Most brand research falls into one of two categories: quantitative and qualitative. The most effective brand strategies use a mix of both to build a complete picture of awareness, perception, loyalty, and more.
Here are three of the most widely used methods—and how to use them well.
Survey research
Surveys remain a great way to solicit feedback on your brand, whether it’s via email, over the phone, or in its most effective design, an online form.
Results are often instantaneous, there’s no limit to the kinds of questions you can ask, and you can collect feedback at any stage of the customer journey if you include a survey as part of your onboarding, marketing, or purchase process.
Perhaps the most common survey type for brand-based research is the Net Promoter Score (NPS), which asks how likely someone is to recommend your brand to others. But email and online surveys can go far deeper—also assessing brand awareness, perception, preference, and associations.
Designing effective online surveys for customer feedback
To get high-quality insights, your survey needs to strike a balance between being comprehensive and easy to complete.
Start by clearly defining your objective—are you testing brand recall, gauging sentiment, measuring loyalty, or something else? Keep your questions focused and avoid leading or ambiguous language. Use a mix of question types, such as Likert scales, multiple choice, and open text boxes to gather both quantitative and qualitative insights.
Consider personalizing the survey experience based on who the respondent is—for example, an existing customer should receive different questions than someone who has little awareness of your brand.
Example survey questions
Here are a few sample questions to help guide your brand research:
- How familiar are you with [Brand Name]?
- Which brands come to mind when you think about [product category]?
- What three words would you use to describe [Brand Name]?
- How did you first hear about [Brand Name]?
- How likely are you to recommend [Brand Name] to a friend or colleague? (NPS)

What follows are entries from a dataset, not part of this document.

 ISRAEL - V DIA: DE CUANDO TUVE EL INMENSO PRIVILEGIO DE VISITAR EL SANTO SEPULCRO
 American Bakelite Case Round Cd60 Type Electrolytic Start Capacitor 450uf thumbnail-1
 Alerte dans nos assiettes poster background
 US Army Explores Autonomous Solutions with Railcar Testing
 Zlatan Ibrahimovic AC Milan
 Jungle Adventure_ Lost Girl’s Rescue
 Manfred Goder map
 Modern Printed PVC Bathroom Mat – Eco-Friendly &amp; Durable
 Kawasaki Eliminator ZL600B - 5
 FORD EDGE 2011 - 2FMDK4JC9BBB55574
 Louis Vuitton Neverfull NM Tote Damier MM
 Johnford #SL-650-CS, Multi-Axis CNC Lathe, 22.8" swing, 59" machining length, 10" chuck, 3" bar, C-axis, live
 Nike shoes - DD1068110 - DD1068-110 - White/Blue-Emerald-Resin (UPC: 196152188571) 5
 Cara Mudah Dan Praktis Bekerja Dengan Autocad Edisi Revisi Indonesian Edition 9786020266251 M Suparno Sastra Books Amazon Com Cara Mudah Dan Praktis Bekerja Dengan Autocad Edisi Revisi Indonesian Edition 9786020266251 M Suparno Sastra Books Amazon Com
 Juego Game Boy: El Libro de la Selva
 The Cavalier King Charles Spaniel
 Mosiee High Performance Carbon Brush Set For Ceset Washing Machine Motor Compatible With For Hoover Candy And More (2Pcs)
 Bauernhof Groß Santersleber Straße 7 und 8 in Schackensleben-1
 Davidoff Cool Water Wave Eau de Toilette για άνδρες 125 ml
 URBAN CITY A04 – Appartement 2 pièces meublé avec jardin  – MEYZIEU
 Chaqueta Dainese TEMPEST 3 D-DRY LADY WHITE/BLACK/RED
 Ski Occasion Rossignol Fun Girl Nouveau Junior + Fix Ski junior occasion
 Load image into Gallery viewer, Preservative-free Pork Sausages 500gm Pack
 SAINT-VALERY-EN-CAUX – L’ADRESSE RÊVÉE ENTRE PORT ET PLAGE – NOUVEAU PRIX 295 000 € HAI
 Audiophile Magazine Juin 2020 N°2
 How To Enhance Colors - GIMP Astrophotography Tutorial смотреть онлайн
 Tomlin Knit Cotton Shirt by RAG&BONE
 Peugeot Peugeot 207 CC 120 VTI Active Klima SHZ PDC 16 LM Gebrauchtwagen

- Which of the following brands would you consider when purchasing [product/service]?
- What do you associate most with [Brand Name]?
- What could [Brand Name] do to improve your experience?
By gaining answers to questions like these, you can uncover how your brand is perceived, how it compares to competitors, and where to focus your efforts for improvement.
Focus groups
Focus groups—whether conducted in person or online—are a powerful way to gather deeper, more nuanced insights into how people perceive your brand. Unlike surveys, which focus on breadth and quantitative data, focus groups allow you to explore the why behind customer attitudes, emotions, and behaviors.
They’re especially useful for exploring themes like brand perception, brand associations, and emotional connection—giving you an invaluable opportunity to test how your messaging resonates, get feedback on brand visuals or campaigns, and uncover what drives brand loyalty, or what’s getting in the way.
Choosing a focus group provider
Brands either run focus groups by engaging participants themselves, or by leveraging online platforms. The latter has made it significantly easier for businesses to collect insights from more diverse groups, and across geographies and time zones.
If you’re looking to work with a third-party provider, here’s what to look for:
1. A broad and relevant respondent pool
Look for providers with access to a large, diverse panel—covering the demographics, behaviors, and markets most relevant to your brand. Remember, only with the right respondent pool will you gain insights that are truly representative of your target audience.
2. Support throughout the process
Good providers offer more than just participants: they help you design your session, moderate the discussion, and interpret the findings—so you walk away with clear, actionable insights.
Digital listening
Digital listening—also known as social listening or conversational analytics—is the process of monitoring and analyzing online discourse about your brand across channels like social media, forums, review sites, blogs, and even your own customer service touchpoints.
Unlike surveys or focus groups, digital listening captures unfiltered, unsolicited opinions—giving unique insight into how your brand is being discussed and perceived in the wild. It’s a powerful way to uncover trends in real time, identify risks early, and discover opportunities you might otherwise miss.
Digital listening technologies have rapidly grown in sophistication, applying natural language processing (NLP) and sentiment analysis to not only filter through content but now also determine emotion, uncover key themes, and deliver actionable insights. It’s no longer about seeing what’s being said—digital listening is now also about understanding what it means and what to do next.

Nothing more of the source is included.